En ese sentido, el análisis de las políticas emprendidas en los dos primeros años de gobierno de López Obrador debe tomar en cuenta las limitaciones estructurales que el proceso de cambio debe enfrentar. No hay aciertos rotundos en la política de la 4T como tampoco hay errores catastróficos: toda política debe entenderse dentro del marco de referencia en el cual está formulada. Pongamos, tan solo, tres ejemplos:
- El gobierno de López Obrador, evidentemente, reproduce muchas de las lógicas de la explotación capitalista. Pensemos, por ejemplo, en las continuidades que existen en lo que toca a megaproyectos, como el Tren Maya, el Corredor Transístmico o el Proyecto Integral Morelos, y en la condena presidencial a toda forma de oposición a estos como conservadora y reaccionaria. Al mismo tiempo, esos megaproyectos representan precisamente la vuelta a la vida del Estado desarrollista en el cuál López Obrador cree fervientemente.
- Igualmente, hay que admitir que las políticas de transferencias de recursos a adultos mayores o a jóvenes excluidos de la vida laboral por las políticas neoliberales constituyen un respiro, al menos, para una buena parte de la población. Descalificarlos de entrada por su carácter paliatorio e insuficiente, el cual es innegable, resultaría de una ceguera absoluta ante la realidad económica del país.
- Sigue estando en marcha un proceso de militarización. Las políticas de la 4T descansan en buena medida en las Fuerzas Armadas, no ya sólo como instrumento de combate al crimen organizado sino con funciones que van mas allá de los aspectos puramente militares. Lo cierto es, sin embargo, que en términos pragmáticos el Ejército y la Marina son de las pocas instituciones nacionales que no vieron mermada su estructura y mantuvieron su solidez (tanto financiera como de personal) durante el periodo neoliberal. Recurrir a ellas se vuelve un asunto de necesidad.
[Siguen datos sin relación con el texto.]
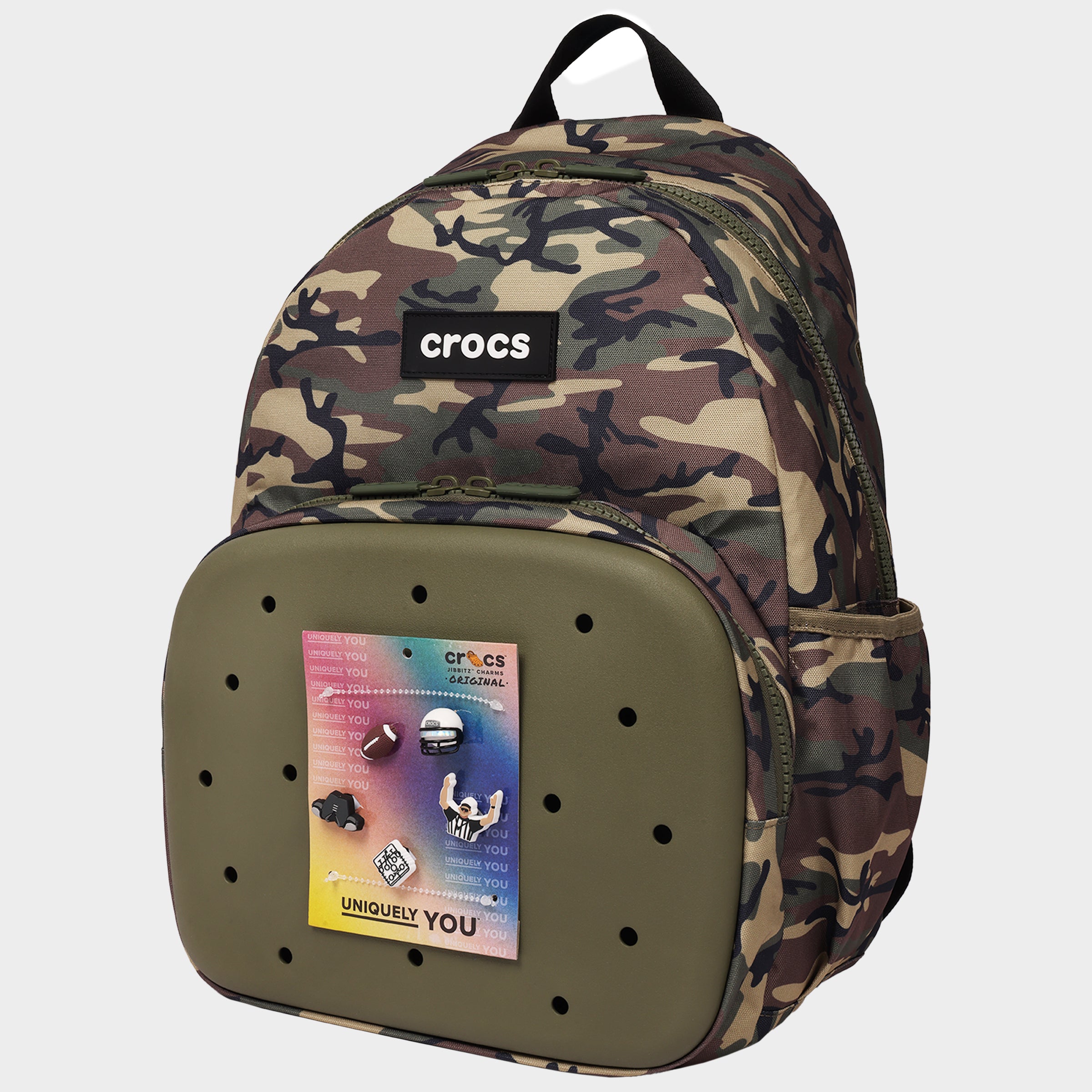 Crocs Camo Back to School Backpack with EVA Front Pocket – Customizable Jibbitz™ Backpack (Camouflage)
Aunado a lo anterior, resulta prácticamente imposible hacer un corte de caja medianamente objetivo cuando una tercera parte de la actual administración ha estado atravesada por la peor crisis sanitaria mundial en lo que va de un siglo, con la consecuente crisis económica. ¿Qué esperar, entonces, de la 4T? Y, sobre todo, ¿desde dónde analizar sus políticas concretas? Las contradicciones en el proyecto encabezado por López Obrador no van a desaparecer, y es esperable que se profundicen a medida que avance el sexenio. Por lo pronto, la respuesta debe caer en el terreno de la reflexión. Toca, desde este lado y a quienes asumimos una postura crítica, seguir sacando a la luz esos claroscuros y ponerlos a debate. Es imprescindible salir de esa vieja dicotomía impuesta por la izquierda tradicional y pensar en la política desde sus posibilidades reales. La crítica es ineludible, pero también debe serlo el anclaje a la materialidad de los procesos y a las limitantes estructurales de los mismos.